トップライン、リーダー層から新人へ。ビジョンを浸透させる取り組み

杉島

130カ国にグループ会社1000社以上、全世界に6万5000人の社員がいるなか、御社ではどのように理念やビジョンを浸透させているのでしょうか。

濱瀬

今、弊社で掲げている「Be the Right ONE」というビジョンは、私が入社する前にできたものです。過去の失敗を分析したうえで「自分たちは正しくありたい」「価値提供をしていきたい」という思いから生まれたと聞いています。

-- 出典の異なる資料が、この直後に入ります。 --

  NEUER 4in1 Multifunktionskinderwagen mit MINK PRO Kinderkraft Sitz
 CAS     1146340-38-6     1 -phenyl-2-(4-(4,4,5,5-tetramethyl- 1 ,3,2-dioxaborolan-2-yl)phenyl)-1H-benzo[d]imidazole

実は、私はこのビジョンがとても気に入っていて。「Be the Right ONE」があったから入社したと言っても過言ではないんです。今日こちらにいらっしゃるとき、エレベーターに「Be the Right ONE」が掲げられているのは、ご覧になりましたか?

杉島

ええ、拝見しました。受付にも大きく掲げられていましたね。

 

濱瀬

まだ入社を迷っていたとき、私はそれを見て「なんちゅうええ会社や」って思ったんです(笑)。これを真正面から言える会社はなかなかない、青臭さも含めていいなと思いまして。

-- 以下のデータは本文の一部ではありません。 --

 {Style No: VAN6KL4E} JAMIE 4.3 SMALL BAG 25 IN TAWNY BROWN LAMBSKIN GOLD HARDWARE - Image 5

ところが、入社してから研修などで「みんなはどれくらい『Be the Right ONE』を意識してる?」と聞くと、どうもふわっとしているんです。人事考課にも、落とし込めているようで落とし込めていない。せっかくいい形で作られているのに、もったいないなと。

杉島

言葉は知っているけど、腹落ちまではしていないというか。

濱瀬

そうですね。言葉にせずとも実践している人たちはたくさんいましたが、会社のアイデンティティとして認識しているかというと人による、みたいなところがありました。そこで、もっと浸透させるために、グローバルで行うリーダー研修に「Be the Right ONE」を取り入れるようにしました。具体的には、マネジメント層が言及する時間を大幅に増やしました。メンバーに伝えるメッセージには、必ず「Be the Right ONE」に紐付けた話をしてもらうようにしたんです。

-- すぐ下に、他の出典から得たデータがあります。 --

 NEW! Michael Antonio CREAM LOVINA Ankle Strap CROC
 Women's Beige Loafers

ただ、話を聞くだけでは浸透しません。半年間に及ぶ研修プログラムの最後には、「自分にとってのBe the Right ONE」を受講者一人ひとりに発表してもらいます。これまでの歩みや、自分が大事にしているものを、考えて考え抜いてアウトプットしてもらう。国内外含め3年ほど続けてきた今、言語化、見える化したという点でだいぶ広がりつつあると感じています。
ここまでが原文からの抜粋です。